EKBIS.CO, JAKARTA -- Keuangan syariah Indonesia dinilai belum siap dan akan kesulitan menghadapi Masyarakat Ekonomi ASEAN (MEA) 2015. Ada dua hal pokok yang menyebabkan Indonesia, khususnya sektor industri keuangan syariah, masih mengkhawatirkan dalam memasuki persaingan di era MEA.
Direktur Eksekutif Islamic Banking and Finance Institute (IBFI) Universitas Trisakti, Nadrattuzaman Hosen mengatakan tantangan pertama yang masih membelenggu Índonesia adalah ukuran keuangan syariah yang masih kecil. "Baik dari perbankan syariah hingga asuransi syariah size (ukuran aset, red) masih kecil. Saya khawatir mereka malah berguguran," kata dia, Kamis (19/9).
Tantangan besar kedua adalah persoalan mata uang asing (currency) karena menentukan keefisienan bisnis. "Jangan sampai kita hanya menjadi penonton," ucapnya. Untuk itu perlu dibentuk Indonesia Islamic Corporation sehingga terjadi sinergi antara para stake holder untuk menghadapi kekuatan dari luar.
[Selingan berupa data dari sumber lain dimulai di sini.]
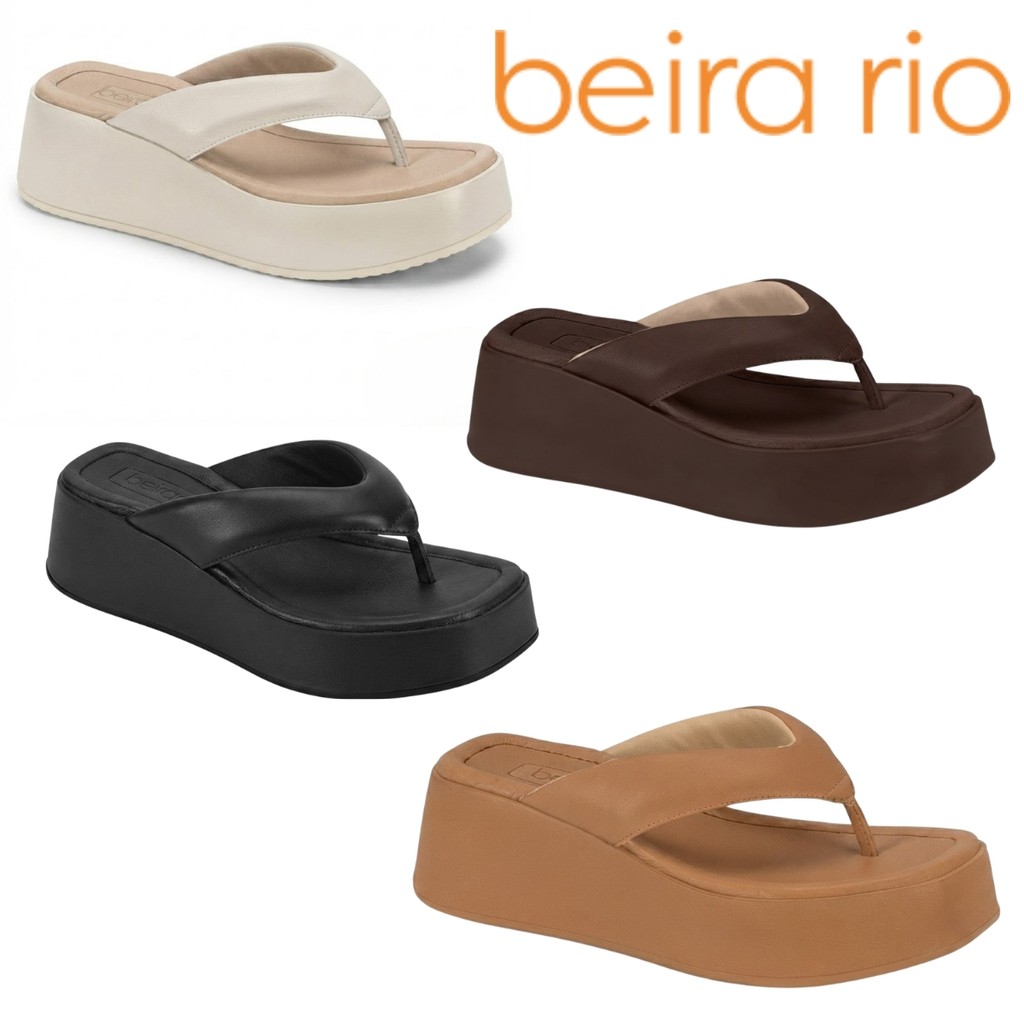 Sandalia Tamanco Feminino Beira Rio Plataforma Confortável Original Calce Fácil Salto Grosso Casual Leve Macio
Pasalnya para pesaing dari negara-negara ASEAN memiliki kekuatan besarr dan menguasai pasar.
Nadratuzzaman khawatir, kerjasama perbankan MEA dipercepat menjadi 2015 dari 2020 lantaran para pesaing sudah memiliki persiapan cukup. "Sementara Indonesia belum siap karena dua tahun lalu, Menteri Keuangan baru melakukan pemetaan keuangan," ucapnya.
Pangsa keuangan syariah Indonesia masih kecil dan bisa dibilang tergolong pendatang baru jika dibanding Malaysia sehingga dari aset masih kalah besar. "Itulah yang kami khawatirkan karena kita baru tumbuh sehingga aset maupun Sumber Daya Manusia (SDM) berkualitas perlu mendapat perhatian khusus.